The tea leaves tell us that this is a more unpredictable Oscar race than most people are perhaps willing to admit.

Laurie Metcalfe

Admit it, you saw this coming. Even if you didn’t read last week how Eric and I only allow ourselves to take so many risks during Slant’s 24-day Oscar-prediction cycle, you probably noticed how long it was taking us to get around to this category. And this call we’re making is certainly a risk: After all, Allison Janney—like Gary Oldman, Frances McDormand, and Sam Rockwell—will arrive at the Kodak Theatre on Sunday with a Golden Globe, SAG, and BAFTA award under her belt (or attached to the bird on her shoulder). But don’t call it wishful thinking, as the tea leaves tell us that this is a more unpredictable Oscar race than most people are perhaps willing to admit.

It’s no news—even to many in Hollywood—that an actor’s Oscar win is as much about the performance as it is about the publicity campaign launched on his or her behalf. In a typically perceptive conversation with Mark Harris last week over at The Vulture, Kyle Buchanan wrote this about Janney:

The I, Tonya actress has had an invincible awards season, picking up every major statuette she’s been nominated for and turning up at any gala she’s asked to attend. Janney is funny and widely liked, and when I see her, I’m reminded that the fashion bloggers at Tom & Lorenzo often say that a crucial part of the “Oscar pole dance” is dressing like the Academy Award itself. Janney, all glowed up and loving it, has followed their advice to a T.

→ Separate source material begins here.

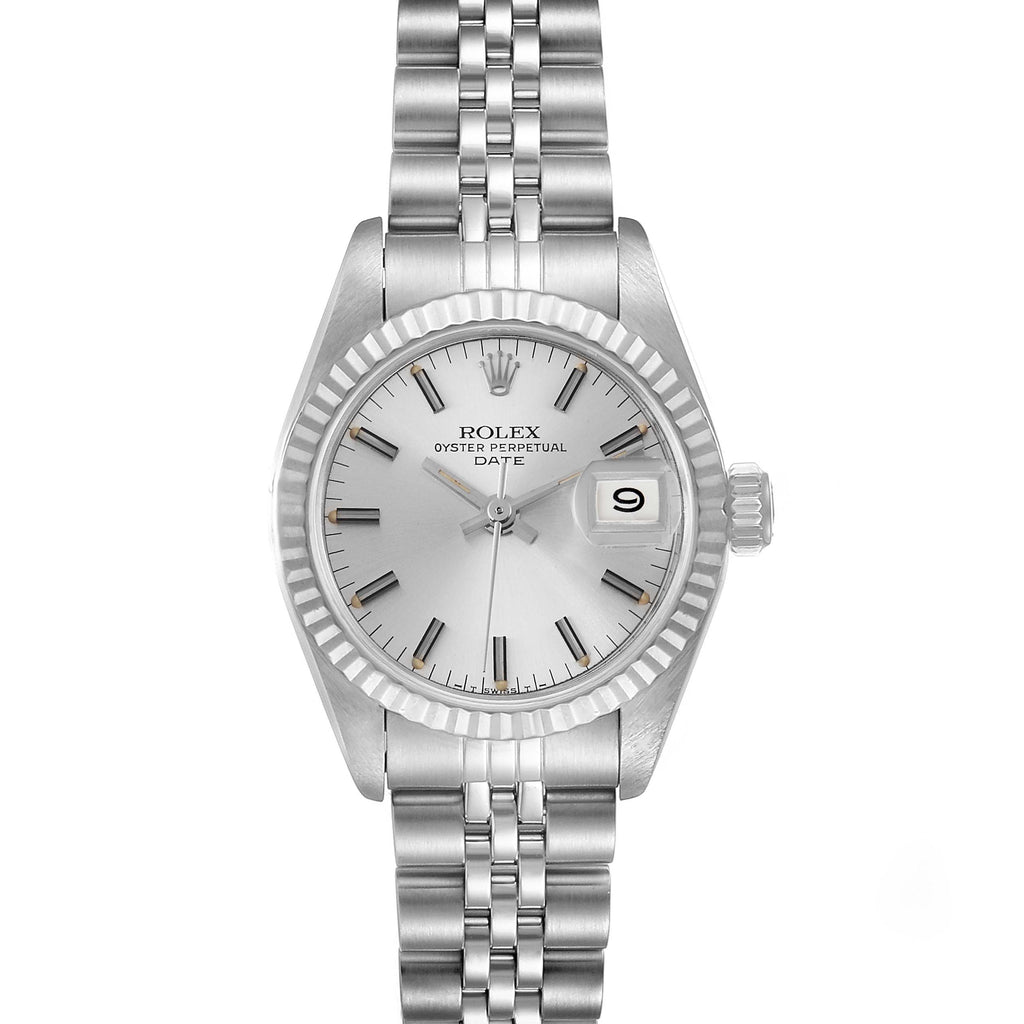 Rolex Date Steel White Gold Silver Dial Ladies Watch 69174 Box Papers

No objection. Janney gives a great, purposefully arch performance in Craig Gillespie’s film, and she’s undoubtedly an amiable interviewee (in fact, this 2012 interview is among the best we’ve ever had the pleasure of conducting), but Buchanan’s words also reinforced for us the sense that hers has felt like the most over-compensating Oscar campaign of the season, and that there’s an almost obligatory nature to her frontrunner status.

There was a point, now seemingly moons ago, when the thought of “Oscar winners Timothée Chalamet, Saoirse Ronan, Willem Dafoe, and Laurie Metcalf” didn’t sound too good to be true. And there are concrete, verifiable reasons why those actors traded off their early frontrunners statuses. Oldman, who was arguably always the frontrunner to win best actor and who gloriously makes hay of many long speeches in the very dull Darkest Hour, is “due”—and it only helps him that his film is nominated, almost unbelievably, for six Oscars. As for McDormand and Rockwell, to quote Buchanan again: “McDormand, Rockwell, and Woody Harrelson are so good in Three Billboards that I think a lot of voters have totally forgotten the less successful aspects of the movie.” And for a while, it seemed as if the spectacularly complicated gale force that is Rockwell’s performance in Martin McDonagh’s film was something that Dafoe could withstand—until the Oscar nominations were announced and The Florida Project received as many nods as The Boss Baby.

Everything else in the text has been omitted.